IRS Tax Lessons From Trump Indictment


Plainly, the indictment of former President Donald Trump is not about taxes. There are no tax charges, and it does not appear that any of the documents in question had anything to do with taxes. The documents were allegedly a lot more important than that. So how, then, could there be any tax lessons here?

I admit that I see most everything through a tax lens, but there are still lessons here for taxpayers. When it comes to the IRS, the coverup is often worse than the crime. Our tax system is complicated, and even bad mistakes are common. But criminal tax cases are rare. Experienced tax lawyers will tell you that a common way of turning a regular tax case into a criminal one is obstructive or evasive behavior with the IRS.

A regular civil tax audit can turn into a criminal tax case with the risk of jail time just for how you behave during the audit. Many criminal tax cases come out of plain old civil audits. If an IRS auditor discovers something suspicious in a civil audit, the auditor can notify the IRS’s Criminal Investigation Division. Notably, the IRS is not obligated to tell you that this criminal referral is occurring.

In fact, the civil auditors may suspend the audit without explanation. You might be pleased, thinking that the audit is over, or at least mercifully stalled so that it might not ever resume. Meanwhile, the IRS can be quietly building a criminal case against you. False statements to auditors are a huge mistake. Conduct during the audit itself can be pivotal and is one reason to hire professionals to handle it.

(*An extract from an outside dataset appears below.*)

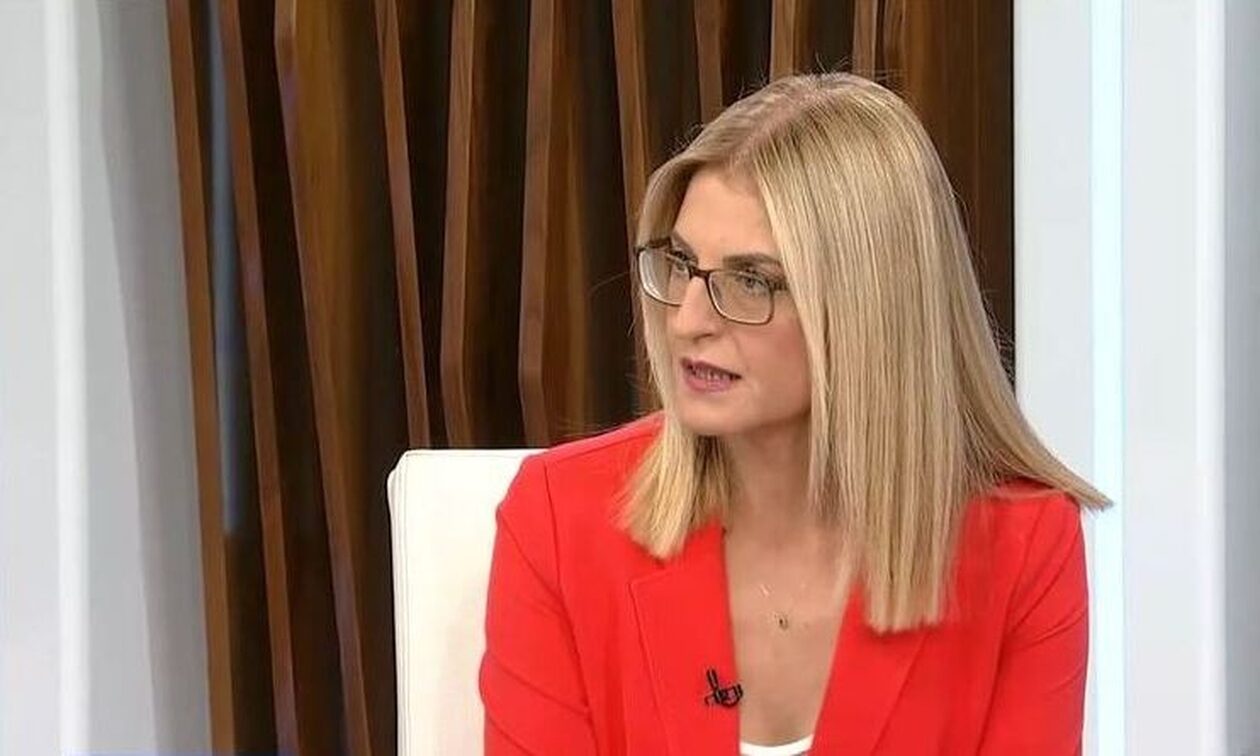 ΣΥΡΙΖΑ: Αυγέρη κατά Λακόπουλου και υπέρ Τζάκρη – «Ο εξόφθαλμος σεξισμός, η χυδαία στοχοποίηση»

Some people end up in criminal tax trouble only because they mishandle a civil IRS audit. Whether it is the FBI or the IRS asking questions, don’t lie, and don’t engage in evasive or obstructionist behavior during an IRS audit. Some taxpayers in a civil audit may think they can outsmart the IRS or manipulate the government to come out ahead. That doesn’t mean you have to agree with everything the IRS says in an audit.

However, there is an established way of proceeding, and an above-board way to communicate with the IRS. Deception and obstruction are not the way. A person may think that preparing false invoices, fake receipts, and made up expenses can get them out of trouble. Usually, the reverse is true. It is one reason why talking to the IRS in an audit or investigation can be dangerous.

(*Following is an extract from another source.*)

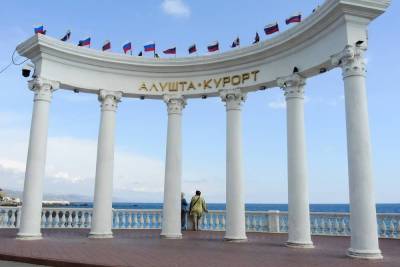 «Подстилки вплотную»: отдыхающие в Крыму раскрыли свои страхи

In most cases, a tax audit is civil and there is little risk that it will become otherwise. But any kind of evasive behavior or coverup is very dangerous. For example, moving money around from account to account so the IRS does not levy on it can land you in serious trouble. Even if you are just trying to work out a payment plan with the IRS, the forms the IRS requires you to sign must be signed under penalties of perjury. Don’t take them lightly.